Calendar (New Style) Act 1750

Résumé
The Calendar (New Style) Act 1750 (24 Geo. 2. c. 23), also known as Chesterfield's Act or (in American usage) the British Calendar Act of 1751, is an Act of the Parliament of Great Britain. Its purpose was for Great Britain and the British Empire to adopt the Gregorian calendar (in effect). The Act also rectified other dating anomalies, such as changing the start of the legal year from 25 March to 1 January. The Act elided eleven days from September 1752. It ordered that religious feast days be held on their traditional dates—for example, Christmas Day remained on 25 December. (Easter is a moveable feast: the Act specifies how its date should be calculated.) It ordered that civil and market days be moved forward in the calendar by eleven days—for example the quarter days on which rent was due, salaries paid and new labour contracts agreed—so that no-one should gain or lose by the change and that markets match the agricultural season; it is for this reason that the UK tax year ends on 5 April, being eleven days on from the original quarter-day of 25 March.

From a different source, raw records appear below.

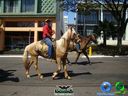 DSC00751.jpg
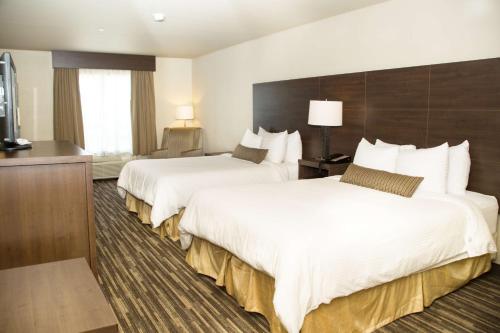 a hotel room with two beds and a flat screen tv at Best Western Plus Dartmouth Hotel & Suites in Halifax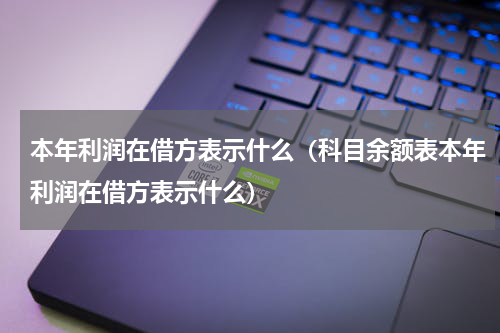 本年利润在借方表示什么（科目余额表本年利润在借方表示什么）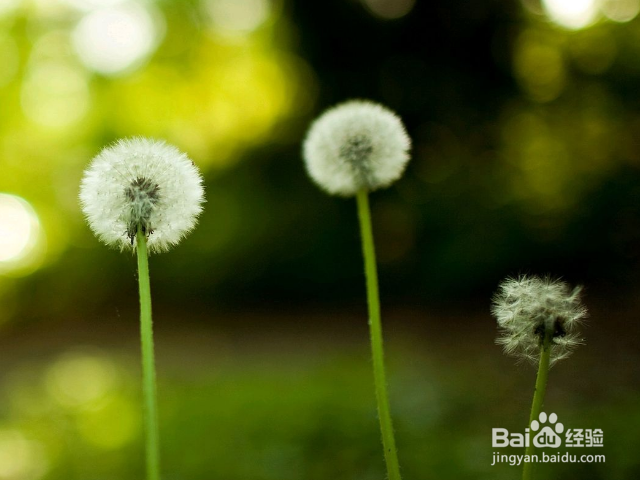 教你如何在家里制作植物养料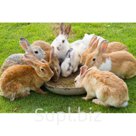 Комбикорм для кроликов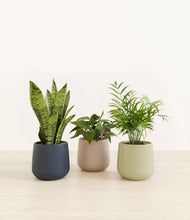 Load image into Gallery viewer, Winding River*****Profile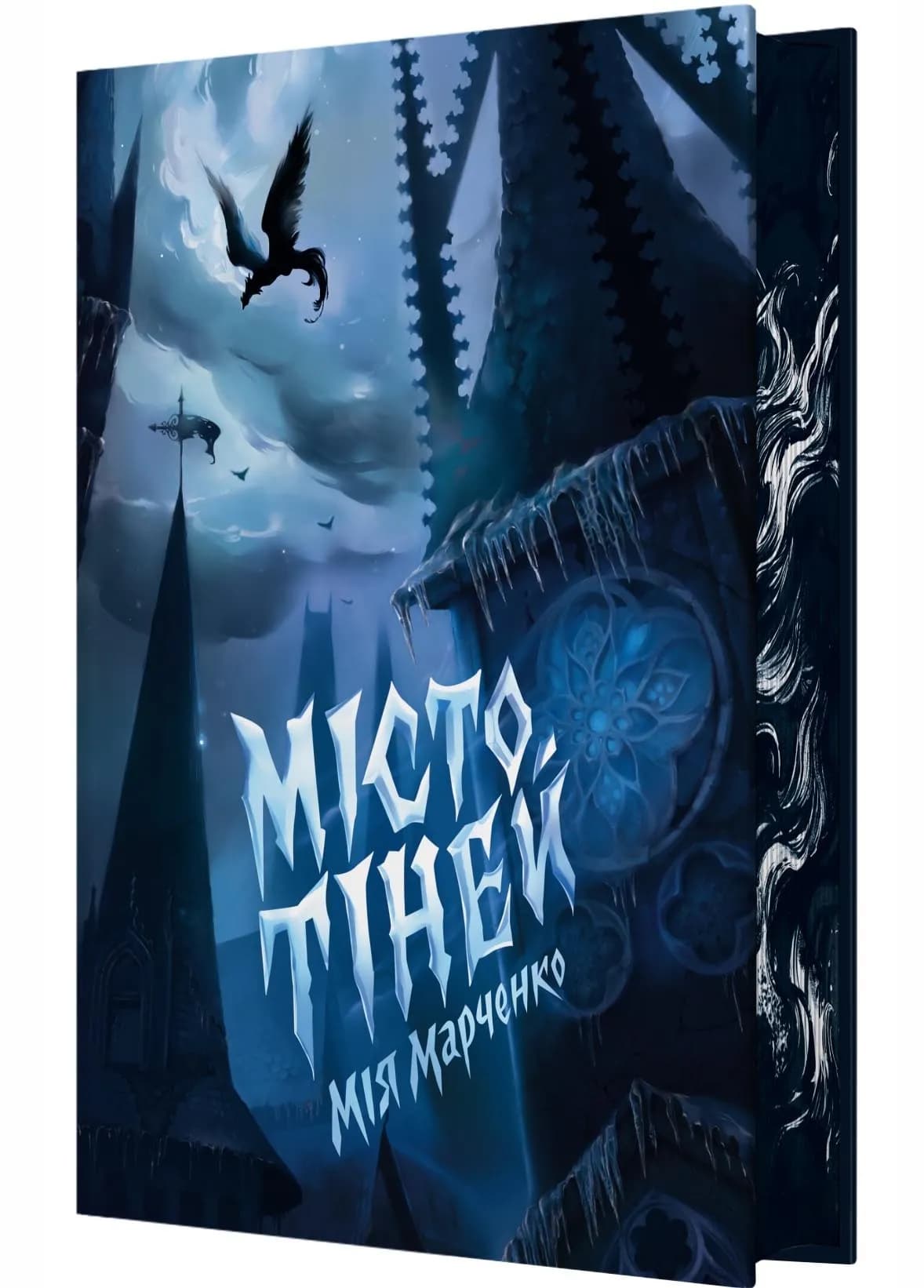 Місто тіней (з ілюстрованим зрізом)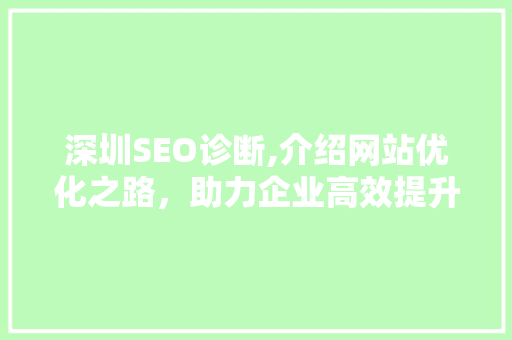 深圳SEO诊断,介绍网站优化之路，助力企业高效提升排名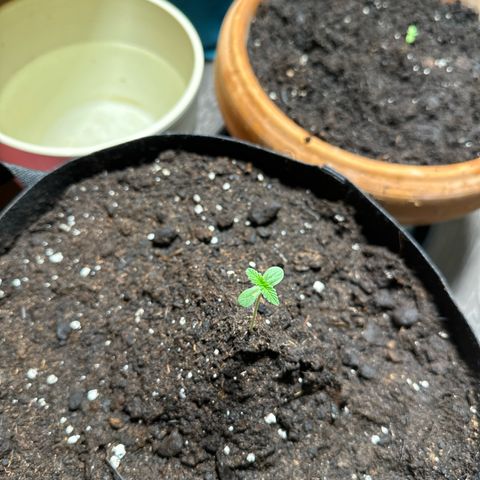 Mango Smile #lenibert growlog timeline photo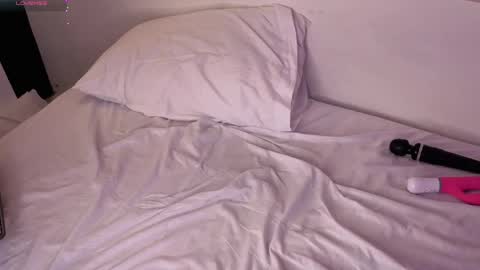   online show from March 2026 08:26:33 AM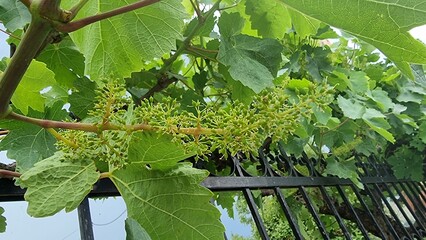 grapes row little baby green on viney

In summary, the Act has three key elements: It acknowledges the practical difficulties created for England by its traditional practice of beginning the year on 25 March, when common practice among its people, as well as legal and common usage in Scotland (since 1600) and most of Europe, was to begin the year on 1 January. Accordingly, the Act provided that "all His Majesty's Dominions" would cease this tradition from the end of December 1751, such that the following day would be 1 January 1752. It acknowledges that the Julian calendar still in use in Great Britain and its Dominions had been found to be inaccurate, and that most of Europe had already adopted an (unnamed) revised calendar. The Julian calendar was eleven days behind this 'New Style' calendar. With this Act, therefore, Britain implicitly adopted the Gregorian calendar. To do so, it ordered that eleven calendar days be skipped in September 1752 and that centennial years no longer be leap years unless divisible by 400.